** Opening THE RECORDS block **
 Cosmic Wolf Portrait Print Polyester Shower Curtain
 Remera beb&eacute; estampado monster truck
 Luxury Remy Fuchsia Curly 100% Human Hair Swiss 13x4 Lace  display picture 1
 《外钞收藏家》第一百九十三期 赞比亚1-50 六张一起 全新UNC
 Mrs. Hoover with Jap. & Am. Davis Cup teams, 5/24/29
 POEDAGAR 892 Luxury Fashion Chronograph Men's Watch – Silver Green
** Closing THE RECORDS block **
### WHAT THE EXERCISE ASKS:
For this exercise, return every line from the data that holds the string "Luxury".

### ANSWER TO THE PROBLEM:
 Luxury Remy Fuchsia Curly 100% Human Hair Swiss 13x4 Lace  display picture 1
 POEDAGAR 892 Luxury Fashion Chronograph Men's Watch – Silver Green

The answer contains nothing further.